Port 1130 lives in the strange middle ground of the port number system—officially registered, technically assigned, but practically unknown.

What Port 1130 Is (Officially)

According to IANA records, port 1130 is registered to CASP (CAC App Service Protocol)1. Port 1131 is registered for the encrypted version, CASP-SSL. Both TCP and UDP are supported.

That's what the official registry says.

What Port 1130 Is (In Reality)

If you search for information about CASP or the CAC App Service Protocol, you'll find almost nothing. No RFC. No widespread implementation. No documentation about what problem it was meant to solve or who created it.

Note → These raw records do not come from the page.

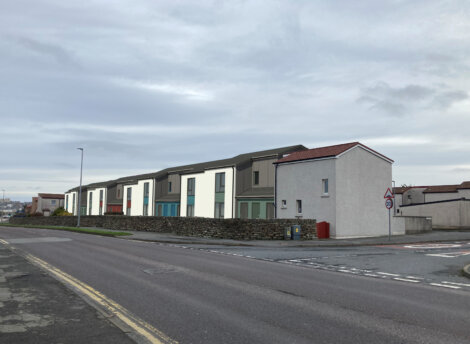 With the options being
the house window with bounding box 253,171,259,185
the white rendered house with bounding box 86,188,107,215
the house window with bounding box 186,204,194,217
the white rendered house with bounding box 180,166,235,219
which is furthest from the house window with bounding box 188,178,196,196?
the white rendered house with bounding box 86,188,107,215

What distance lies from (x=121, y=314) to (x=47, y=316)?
4.04 feet

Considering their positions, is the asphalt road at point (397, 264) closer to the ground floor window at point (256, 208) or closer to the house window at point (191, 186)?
the ground floor window at point (256, 208)

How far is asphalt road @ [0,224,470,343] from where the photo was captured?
20.6ft

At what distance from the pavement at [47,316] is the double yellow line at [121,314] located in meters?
0.19

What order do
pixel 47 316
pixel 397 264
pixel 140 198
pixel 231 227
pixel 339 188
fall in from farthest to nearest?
1. pixel 140 198
2. pixel 339 188
3. pixel 231 227
4. pixel 397 264
5. pixel 47 316

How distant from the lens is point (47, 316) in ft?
23.5

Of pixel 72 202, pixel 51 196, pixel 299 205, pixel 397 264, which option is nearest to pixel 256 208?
pixel 299 205

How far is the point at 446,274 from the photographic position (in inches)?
523

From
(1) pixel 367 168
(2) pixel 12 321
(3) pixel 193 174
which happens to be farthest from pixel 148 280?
(3) pixel 193 174

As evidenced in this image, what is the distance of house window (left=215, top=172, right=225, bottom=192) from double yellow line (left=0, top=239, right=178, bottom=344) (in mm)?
32699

This port exists in that curious category: registered but forgotten. Someone filed the paperwork with IANA years ago, claimed port 1130 for their protocol, and then... the protocol never took off. Or it did, briefly, in some specific vertical market that left no trace on the public Internet.

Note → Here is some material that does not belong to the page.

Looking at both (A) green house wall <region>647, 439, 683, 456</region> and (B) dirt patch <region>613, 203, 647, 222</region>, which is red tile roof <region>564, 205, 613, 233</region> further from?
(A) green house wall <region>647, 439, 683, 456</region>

The registry shows an assignment. The real world shows silence.

The Registered Port Range

Port 1130 falls in the registered port range (1024-49151)2. This range was created for applications and services that wanted an official port number but didn't qualify for the well-known range (0-1023).

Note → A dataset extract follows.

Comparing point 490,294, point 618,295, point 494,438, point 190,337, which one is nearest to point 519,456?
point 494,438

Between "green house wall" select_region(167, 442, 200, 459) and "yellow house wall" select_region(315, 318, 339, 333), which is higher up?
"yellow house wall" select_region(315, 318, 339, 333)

Anyone can request a port number in this range by filing an application with IANA. The bar is lower than well-known ports. You don't need to prove widespread adoption or write an RFC. You just need to want one.

The result: the registered range is full of ports like 1130. Officially assigned. Practically dormant.

What Might Actually Be Using Port 1130

Just because CASP isn't widely known doesn't mean port 1130 is always quiet. Unassigned or obscure ports often get used for:

  • Custom applications that need a port number and picked one at random
  • Malware looking for non-standard ports to avoid detection
  • Internal services that someone configured years ago and no one remembers why
  • Ephemeral connections that your operating system assigned temporarily

If you see traffic on port 1130, it's probably not CASP. It's probably something else that decided to live there.

How to Check What's Using Port 1130

On Linux or macOS:

sudo lsof -i :1130
sudo netstat -tulpn | grep 1130

On Windows:

netstat -ano | findstr :1130

If something is listening on port 1130, these commands will tell you what process owns it.

Why Obscure Ports Matter

Ports like 1130 teach us something about how the Internet actually works versus how we imagine it works.

We imagine a clean system where every port has a purpose, every protocol has documentation, every number means something specific. The reality is messier. The port registry is full of ghosts—registrations from projects that failed, protocols that never launched, services that died quietly.

The well-known ports (0-1023) are tightly controlled and heavily used. The registered ports (1024-49151) are a mix of success stories and abandoned dreams. And the dynamic ports (49152-65535) are pure chaos—assigned by your OS for whatever needs them right now.

Port 1130 sits in the middle range, registered to a protocol almost no one has heard of. It reminds us that the Internet isn't a perfect system designed from the top down. It's a messy, organic thing that grew through trial and error, with plenty of dead ends along the way.

Security Note

If you find unexpected traffic on port 1130, investigate it. Obscure registered ports are sometimes used by malware precisely because no one expects to see traffic there. An empty port makes a good hiding place.

Check your firewall rules. If you're not running CASP (and you're almost certainly not), there's no reason port 1130 needs to be open.